**STORED DATA**.
•••

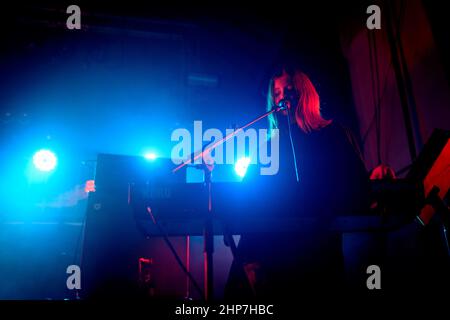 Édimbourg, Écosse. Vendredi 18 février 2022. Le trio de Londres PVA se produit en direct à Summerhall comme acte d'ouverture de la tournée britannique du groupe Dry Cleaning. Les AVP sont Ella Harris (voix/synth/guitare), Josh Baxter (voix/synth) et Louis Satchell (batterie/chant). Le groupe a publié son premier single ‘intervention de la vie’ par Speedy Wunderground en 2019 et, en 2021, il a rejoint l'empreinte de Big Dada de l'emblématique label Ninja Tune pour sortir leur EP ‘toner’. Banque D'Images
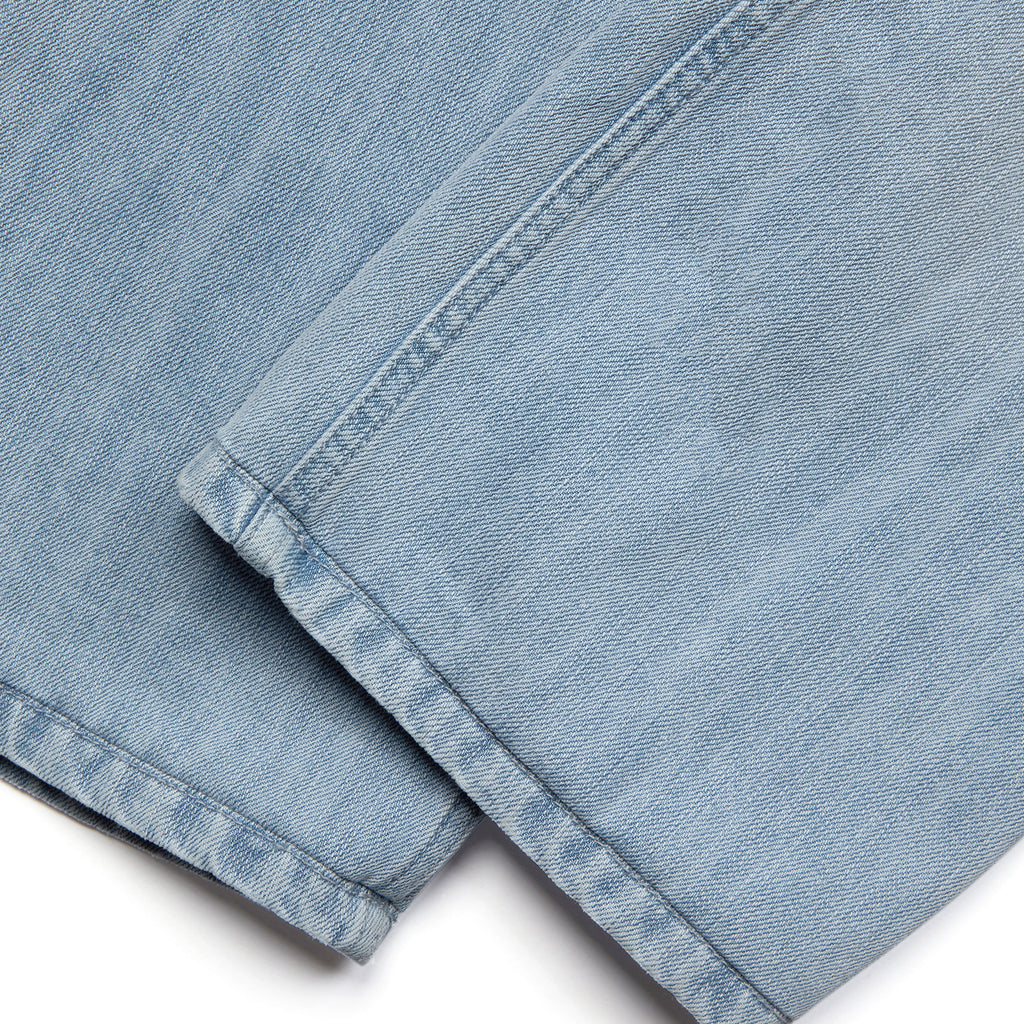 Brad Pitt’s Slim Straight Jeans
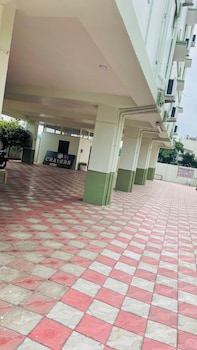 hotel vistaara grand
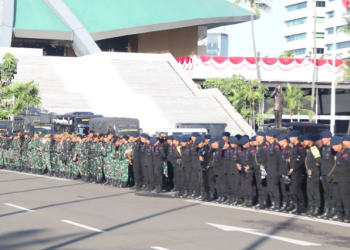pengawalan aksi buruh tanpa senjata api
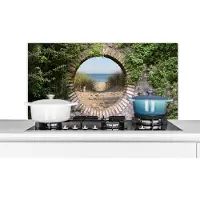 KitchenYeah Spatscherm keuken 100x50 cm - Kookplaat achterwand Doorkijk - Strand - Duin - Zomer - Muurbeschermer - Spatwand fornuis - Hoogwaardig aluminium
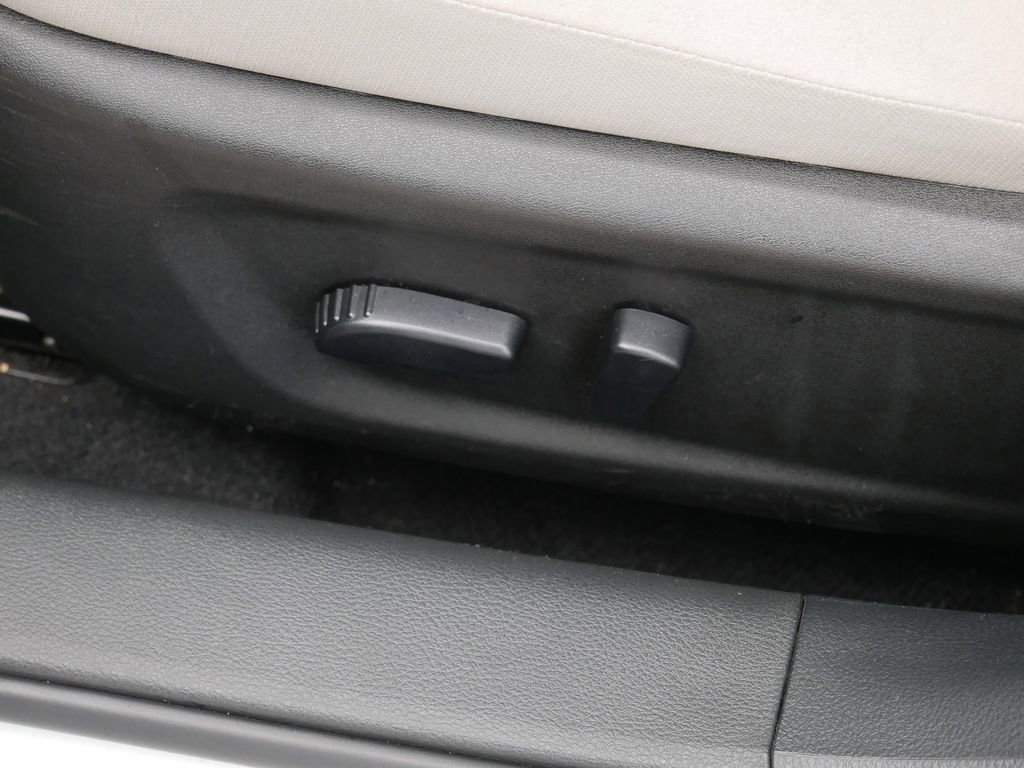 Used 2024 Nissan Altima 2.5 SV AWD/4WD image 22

•••

**WORK REQUIRED**. From the line containing "hotel vistaara grand" to the end of the data above, give those lines again verbatim, with both endpoints included and no images.

**SOLUTION FOR THIS PROBLEM**.
 hotel vistaara grand
pengawalan aksi buruh tanpa senjata api
 KitchenYeah Spatscherm keuken 100x50 cm - Kookplaat achterwand Doorkijk - Strand - Duin - Zomer - Muurbeschermer - Spatwand fornuis - Hoogwaardig aluminium
 Used 2024 Nissan Altima 2.5 SV AWD/4WD image 22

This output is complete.